In this connection, a revised notice of the EGM (the "Revised Notice") together with a revised proxy form (the "Revised Proxy Form") for use at the EGM will be despatched to the Shareholders on 23 October 2025 and also be available on the website of the Company at www.sicc.cc and on the website of The Stock Exchange of Hong Kong Limited at www.hkexnews.hk.
Save for disclosed above, all other content of the Original Notice, the Original Proxy Form and other matters relating to the EGM remain unchanged. For details of other resolutions to be considered and approved at the EGM, eligibility for attending the EGM, registration procedures, closure of register of members and other relevant matters, please refer to the Circular and the Original Proxy Form. This announcement should be read in conjunction with the Circular and the Revised Notice.
Any Shareholder who intends to appoint a proxy to attend the EGM but has not yet lodged the Original Proxy Form is required to complete and return the Revised Proxy Form in accordance with the instructions printed thereon. In such case, the Original Proxy Form
should not be lodged with the Company. For the holders of H Shares, the Revised Proxy Form shall be lodged with the Company's H Share Registrar, Computershare Hong Kong Investor Services Limited, at Shop 1712-1716, 17/F, Hopewell Centre, 183 Queen's Road East, Wan Chai, Hong Kong. The Revised Proxy Form must be lodged not less than 24 hours before the time scheduled for holding the EGM (or any adjournment thereof) (the "Closing Time").
Any Shareholder who has already lodged the Original Proxy Form with the Company should note that:
(i) if no Revised Proxy Form is lodged with the Company, the Original Proxy Form will be treated as a valid proxy form lodged by him/her, if correctly completed. The proxy so appointed pursuant to the Original Proxy Form will be entitled to vote in accordance with the instructions given by the Shareholders or at his/her discretion (if no such instructions) on any resolutions properly put to the EGM including the ordinary resolutions 2.1 to 2.9 as set out in the Revised Notice.
(ii) if the Revised Proxy Form is lodged with the Company before the Closing Time, the Revised Proxy Form will be treated as a valid proxy form lodged by the Shareholder if correctly completed.
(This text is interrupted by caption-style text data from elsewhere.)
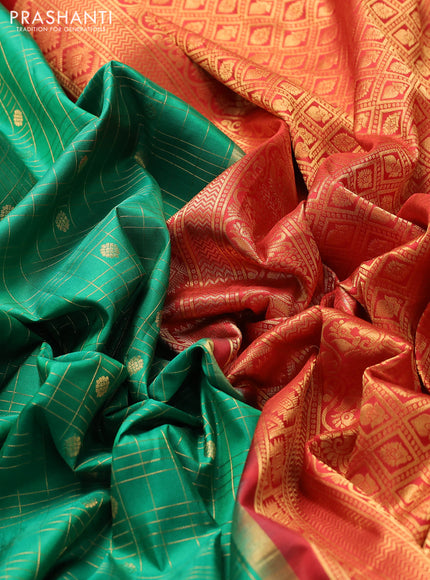 Pure gadwal silk saree green and red with allover zari checked pattern and zari woven korvai border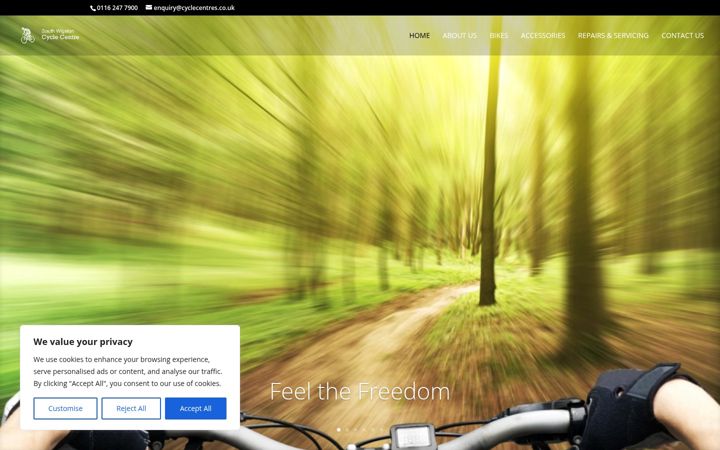 Screenshot of cyclecentres.co.uk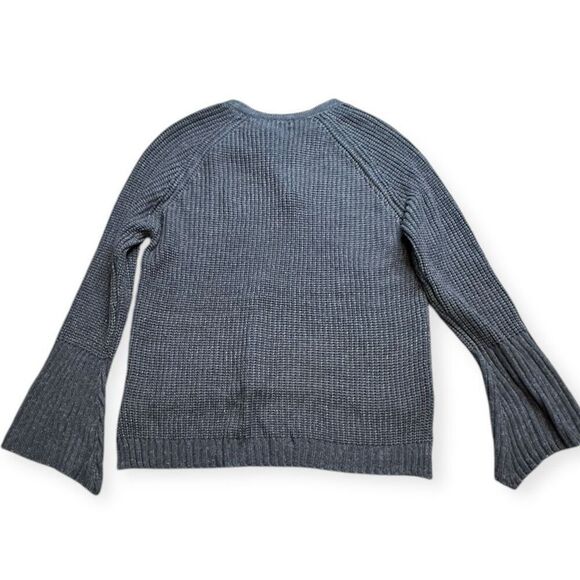 ROCK & ROLL COWGIRL Women's Gray Knit Lace Up V-Neck High Low Hem Sweater Slight - Picture 4 of 7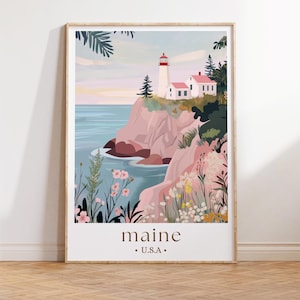 Maine Küstenlandschaft Poster, Reiseinspirierte Wandkunst, Wahrzeichen Dekor, Haus- und Bürodekoration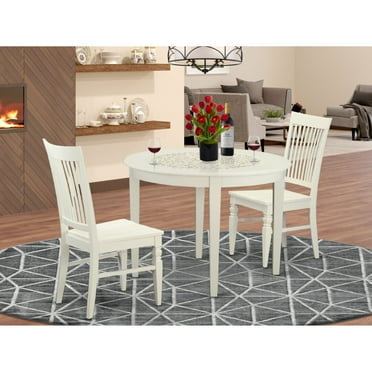 East West Furniture Boston 3-piece Dining Table and Chair Set in Linen White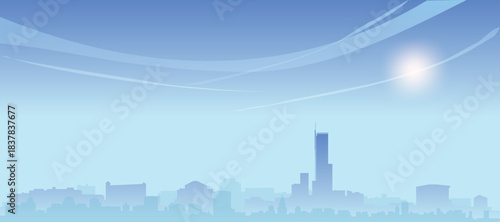 Blue panoramic poster of the city skyline with misty background buildings and clouds of BOSTON, UNITED STATES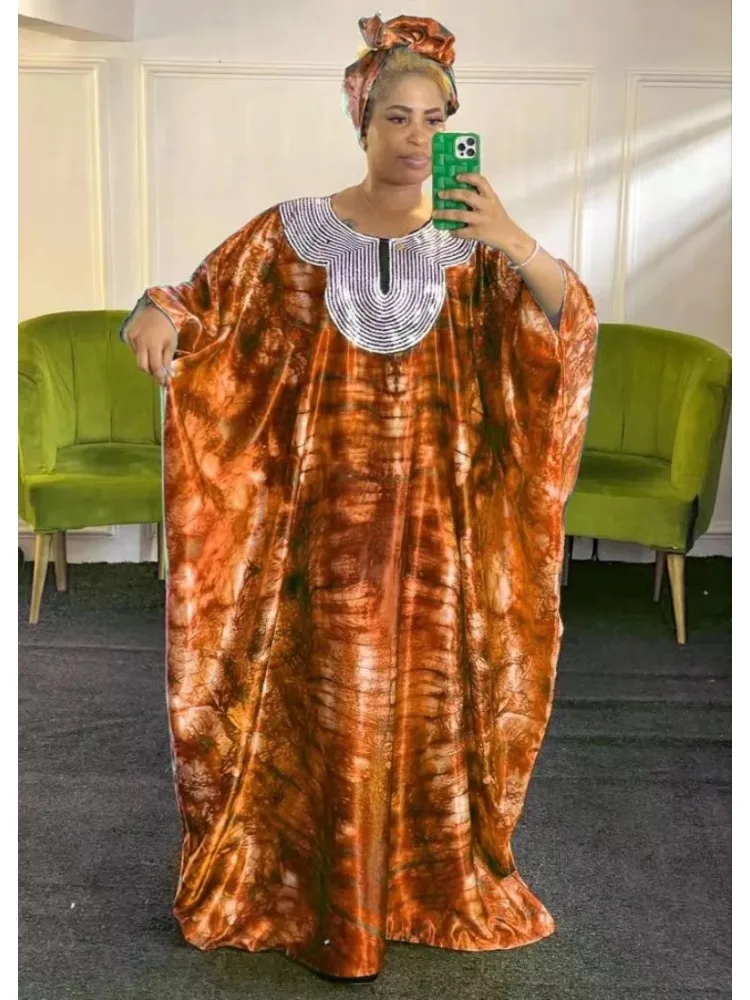 แอฟริกันชุดแต่งงานสําหรับผู้หญิงฤดูร้อนแอฟริกันแขนสั้น V คอ Sequined PLUS ขนาดชุดยาวเสื้อผ้าแบบดั้งเดิม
(iii) if the Revised Proxy Form is lodged after the Closing Time, the Revised Proxy Form will be treated as invalid. The Original Proxy Form previously lodged by the Shareholder will also be revoked. The purported proxy so appointed by invalid or revoked proxy form (whether appointed under the Original Proxy Form or the Revised Proxy Form) will not be counted in any poll which will be taken on a proposed resolution. Accordingly, Shareholders are advised not to lodge the Revised Proxy Form after the Closing Time. In such case, if such Shareholders wish to vote at the meeting, they will have to attend in person and vote at the meeting by themselves.
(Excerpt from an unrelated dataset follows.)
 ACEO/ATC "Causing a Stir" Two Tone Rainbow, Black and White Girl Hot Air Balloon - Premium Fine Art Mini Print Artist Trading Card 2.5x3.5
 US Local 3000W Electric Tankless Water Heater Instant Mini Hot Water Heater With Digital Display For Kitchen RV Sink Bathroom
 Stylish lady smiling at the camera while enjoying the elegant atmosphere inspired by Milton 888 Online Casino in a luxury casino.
Shareholders are reminded that completion and delivery of the Original Proxy Form and/or the Revised Proxy Form will not prejudice the Shareholders from attending and voting at the EGM in person or at any adjournment thereof (as the case may be) should they so wish and, in such event, the instrument appointing a proxy shall be deemed to be revoked.
By order of the Board
SICC CO., LTD.
Mr. Zong Yanmin
Chairman of the Board, Executive Director
and General Manager
Hong Kong, 23 October 2025
As at the date of this announcement, the Board comprises: (i) Mr. Zong Yanmin, Mr. Gao Chao and Mr. Wang Junguo as executive Directors; (ii) Mr. Qiu Yufeng, Ms. Li Wanyue and Mr. Fang Wei as non-executive Directors; and (iii) Mr. Li Honghui, Ms. Liu Hua and Mr. Lai Kwok Hung Alex as independent non-executive Directors.